Two-channel approach to the average retarding force of metals for slow singly ionized projectiles

TL;DR

This paper introduces a two-channel model based on the momentum-transfer theorem to better predict the retarding force experienced by slow singly ionized projectiles in metals, improving agreement with experimental data.

Contribution

A novel two-channel approach incorporating charge-changing cycles enhances the theoretical modeling of retarding forces in metallic systems for slow ions.

Findings

Improved fit to experimental data across various targets.

Inclusion of charge-changing cycles increases model accuracy.
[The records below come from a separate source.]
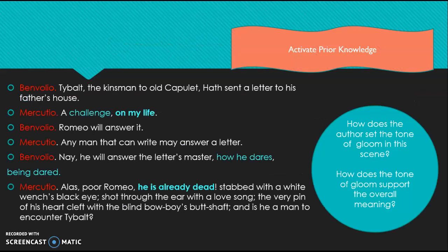This is your activating prior knowledge portion. This is an excerpt from Act 2 of Romeo and Juliet. I want you to take a minute, pause right here, answer the question, and then come back.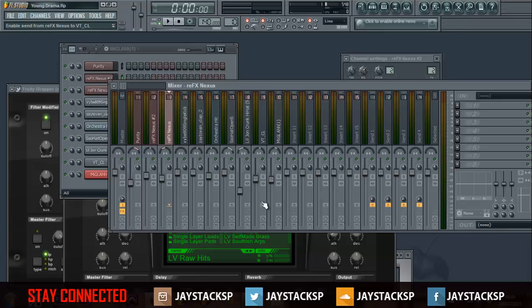I hope you enjoyed this video. I'll put the FLP in the description for you guys to download so you can see how I've mixed it. In my next mixing video, we're going to look at mixing kicks and 808s. Thank you for watching.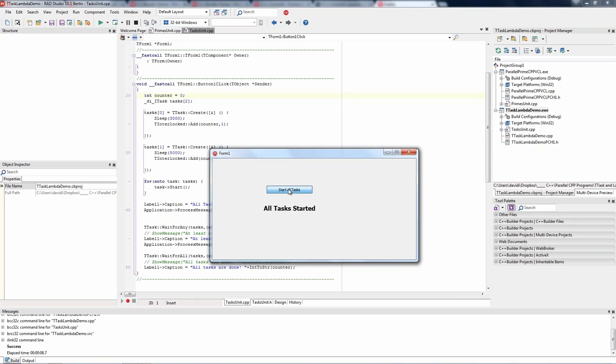Running the task example: precompiled headers are used to speed up the compilation process so we don't have to recompile all header files again. Here we see 'all tasks started,' then 'at least one task is done,' and then 'all tasks are done.'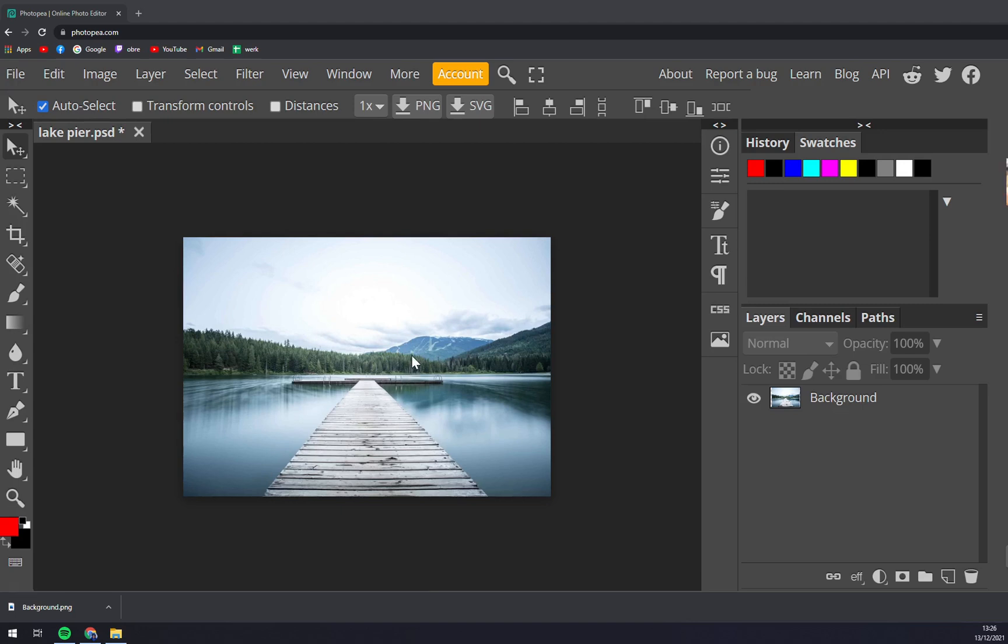You can also go and adjust or go back to your previous steps through history. So once we are here at photopia.com we go to the right side of our screen and as you can see there is history.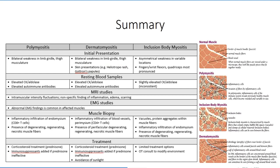With inclusion body myositis, weakness can be asymmetrical and involve forearm flexors, knee extensors, and dorsiflexors. Blood work shows modest increases in creatine kinase levels, and autoimmune markers are generally absent.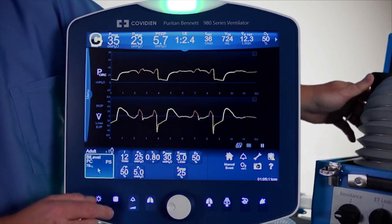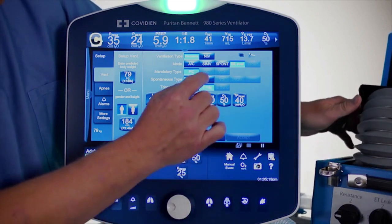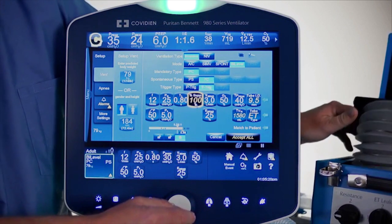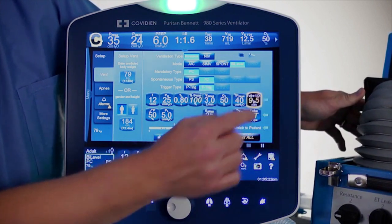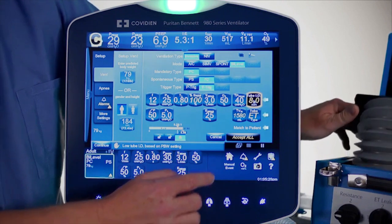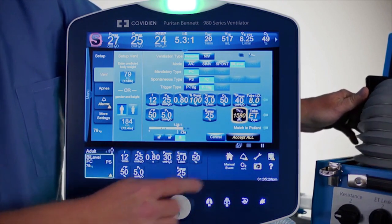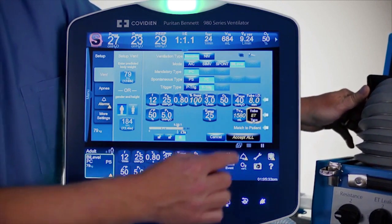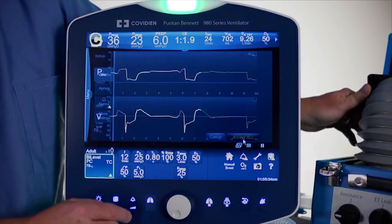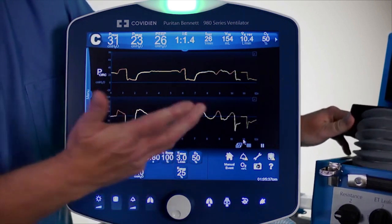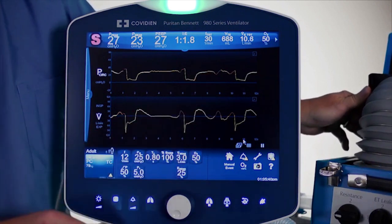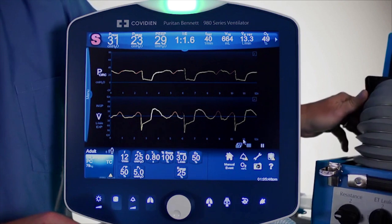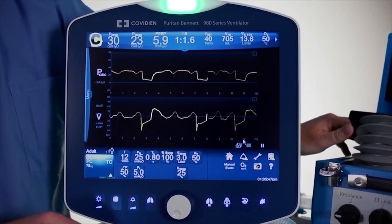Tube compensation can also be turned on. Going over and switching to TC, you can set the percentage of support from a tube compensation standpoint. You must select the inner diameter of the endotracheal tube. There is a high inspired total volume alarm limit, as well as the type of artificial airway — ET tube or trach tube. Now instead of pressure support being 5 or 10 centimeters, you're getting whatever is needed to overcome the imposed work from the artificial airway. These are a couple of adjuncts to adjust the bi-level software.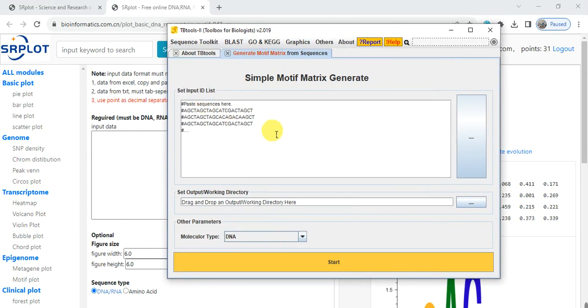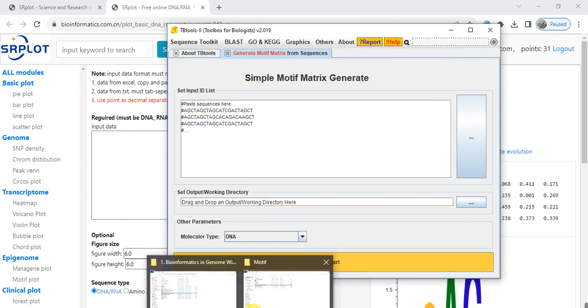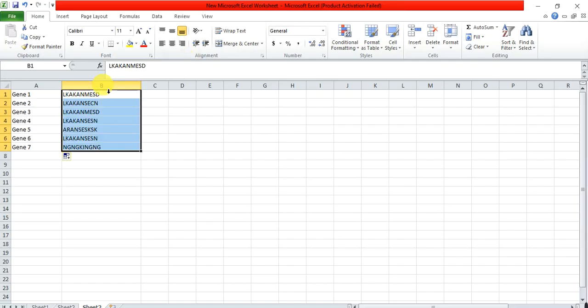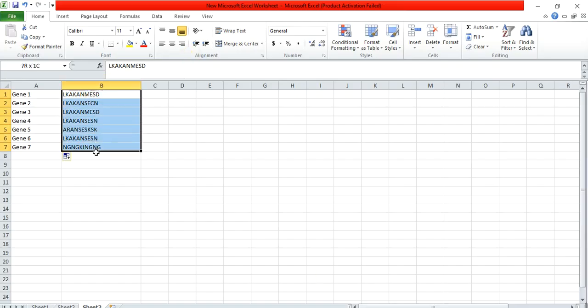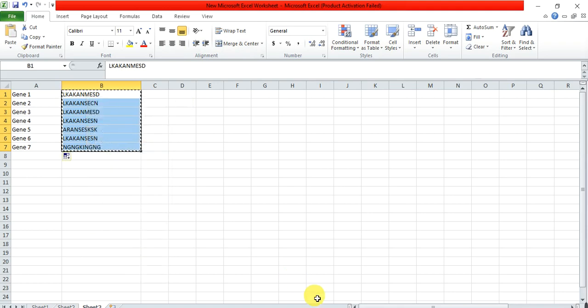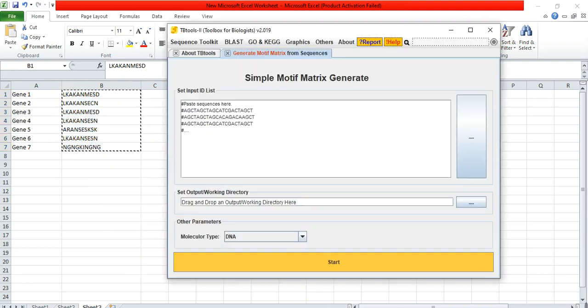Here paste your sequence. Copy this motif sequence and paste here.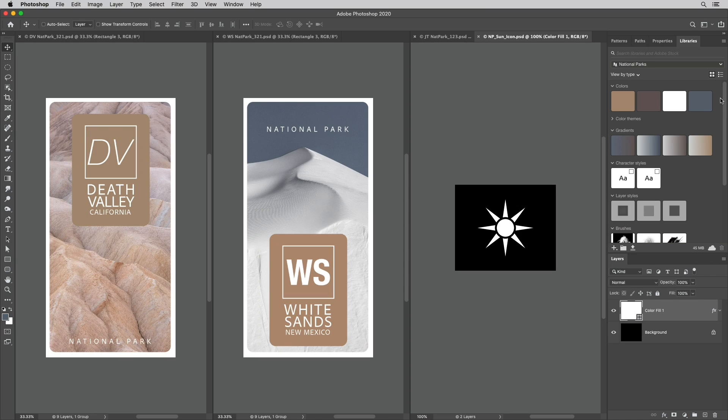Welcome to 321 Photoshop. I'm Julianne Kost. Here are three great reasons to use libraries in Photoshop.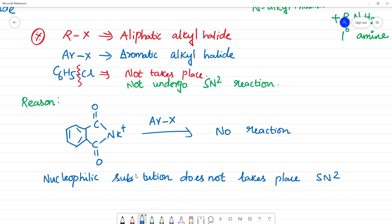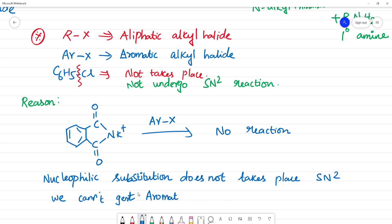So, SN2 reaction does not take place — this is the reason we cannot get aromatic primary amines by Gabriel phthalimide synthesis.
Model aligns well with observed scattering phase shifts.

Abstract

Based on the fundamental momentum-transfer theorem [Phys. Rev. Lett. 15, 11 (1965)] a novel contribution to the retarding force of metallic systems for slow intruders is derived. This contribution is associated with sudden charge-changing cycles during the path of projectiles. The sum of the novel and the well-known conventional contributions, both expressed in terms of scattering phase shifts, are used to discuss experimental data obtained for different targets. It is found that our two-channel modeling, with two nonlinear channels, improves the agreement between several data and theory and thus, as predictive modeling, can contribute to the desired convergence between experimental and theoretical attempts on the retarding force.